Seyyid Ebûbekir Dede'nin üç oğlunun en büyüğü ve halefidir.[1] H. 5 Muharrem 1176/M. 27 Temmuz 1762'de Yenikapı Mevlevîhânesi yakınındaki bir evde dünyaya gelmiştir.

Hayatı

Amcasının oğlu ve Yenikapı Mevlevîhânesi'nin aşçıbaşısı Sahîh Ahmed Dede'nin gözetiminde tahsîlini ikmâl etmiş, dînî ilimlerde, şiir ve inşâda kendini yetiştirmiştir. 1775 yılında babasının vefatı üzerine 13 yaşında iken Konya'daki Ebûbekir İbn-i Ârif Çelebi tarafından Yenikapı Mevlevîhânesi'ne şeyh tayin edilmiştir. Bu olaya düşürülen tarih şu şekildedir:

Şeyh 'Ali Ebûbekr Efendi-zâde ol zât-ı şerîf
Post-nişîn-i tekyegâh-ı Mevlevî oldı ehak
İşte bu mısra' refî'ân (?) sâline târîh-i tâm
Pîşvâ-yı Mevlevî hâlâ semiyy-i şîr-i Hak[2]

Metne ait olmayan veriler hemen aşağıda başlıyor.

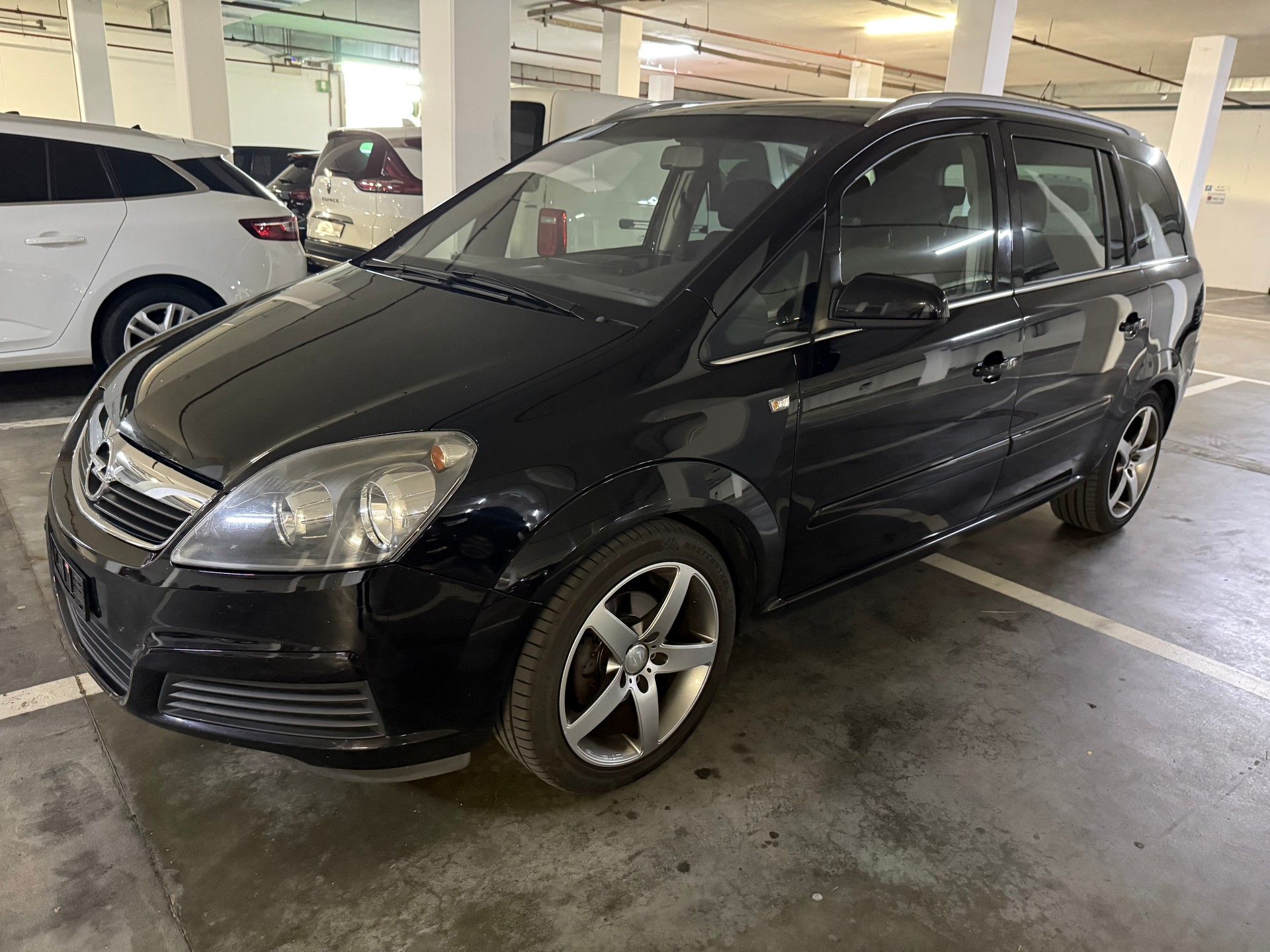 OPEL Zafira 1.8i 16V Cosmo-image-2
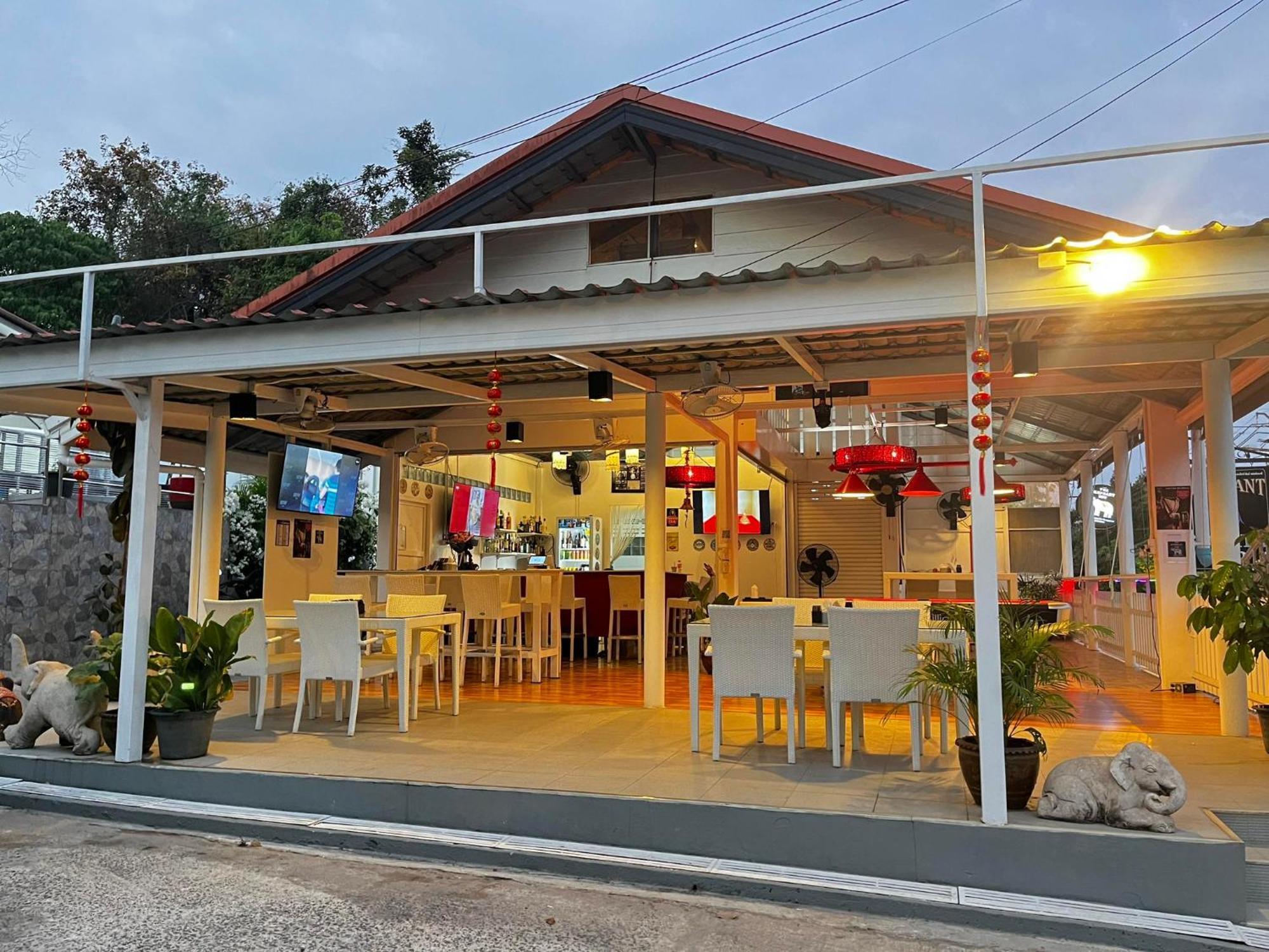Elephant Sports Bar And Accommodation Phuket Esterno foto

Ancak yaşının küçüklüğü sebebiyle, dergâhın işlerini reşit oluncaya kadar kendisine vekâleten şeyhi ve mürebbii Sahîh Ahmed Dede yürütmüştür. Bu sırada, 1782'de Mevlevîhâne'nin türbe kısmı yeniden yapılmış, yine aynı yılın Receb, Şaban ve Ramazan aylarında Mevlevîhâne'de ihrâk-ı sagîr, vustâ ve kebîr diye adlandırılan üç yangın çıkmıştır. Bundan başka aynı yılda Nutkî Dede'nin Afîfe adlı bir de kızı olmuştur[3]. Daha sonra bu Afîfe Hanım Konyalı Seyyid Numan Dede ile evlendirilmiş ve bu izdivaçtan 1800'de Mehmed Salih Efendi ve 1804'te Şerîfe Zekiye Hanım dünyaya gelmiştir[4].

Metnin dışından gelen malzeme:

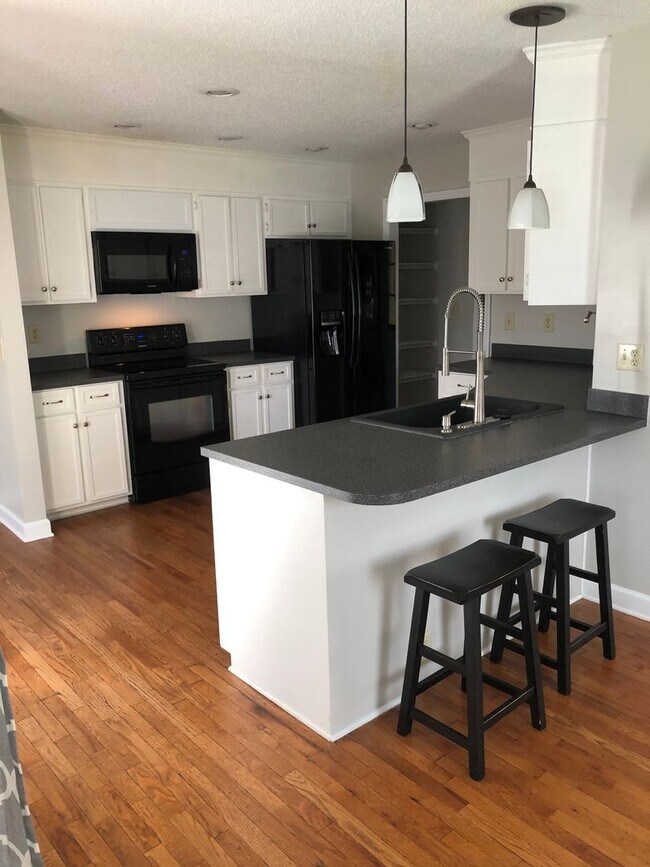 Building Photo - Lovely 3 Bed 2 Bath Ranch Home in Monroe!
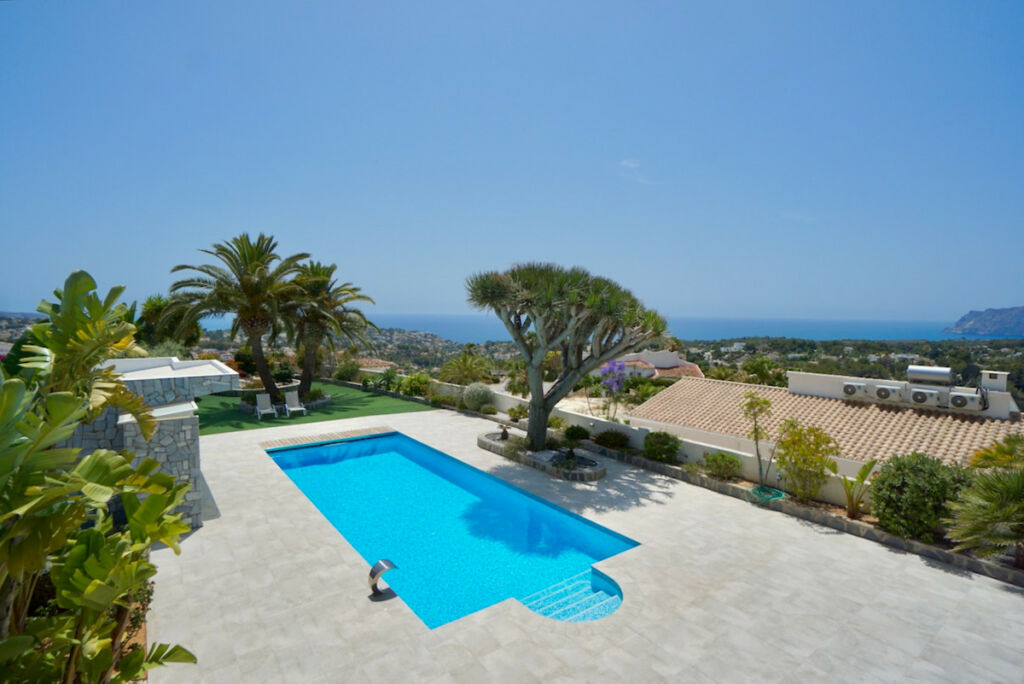 Detached Villa Montemar Alicante - image 4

Ertesi yıl (M.1783) Ebûbekir Dede'nin küçük kardeşi Seyyid Osman Dede 73 yaşında vefat etmiş ve Hâmûşân mezarlığına ağabeyi Seyyid Ömer Dede'nin yakınına defnedilmiştir. Bu sırada oğulları Derviş Hasan ve Derviş Mehmed hayattadır. Nutkî Dede zamanında gerçekleşen olaylardan biri de Ali Nutkî Dede'nin şeyhi ve amcasının oğlu Sahîh Ahmed Dede'nin evlenmesidir. Ahmed Dede, 1786 yılında, Kayseri'den İstanbul'a gelmiş Yakup ve Ferhat Paşa'ların da üyesi oldukları bir aileden Seyyid Hacı Ahmed Efendi'nin kızı Dervişe Şerîfe Emîne Hatun ile nikahlanmıştır. Bundan birkaç yıl sonra, 1788 yılı Muharrem (Ekim) ayı başlarında Sahîh Ahmed Dede'nin mânevî evlâdı Dervîş Mehmed Es'ad-ı Rıdvan 12 yaşında iken vefat etmiş ve dergâh haziresinde şadırvan yanına defnedilmiştir[5]. Fakat çok kısa bir süre sonra, 27 Temmuz 1789 tarihinde Ahmed Dede'nin oğlu Muhammed Kudretullah dünyaya gelir. Galata Mevlevîhânesi'nin müstakbel şeyhi Kudretullah Efendi'nin doğumuna Şeyh Gâlib'in yazdığı tarih manzûmesinin son beyti şu şekildedir:

Didim târîh-i mîlâdını Gâlib

Muhammed Kudretullah lutf-ı Haydır[6][7].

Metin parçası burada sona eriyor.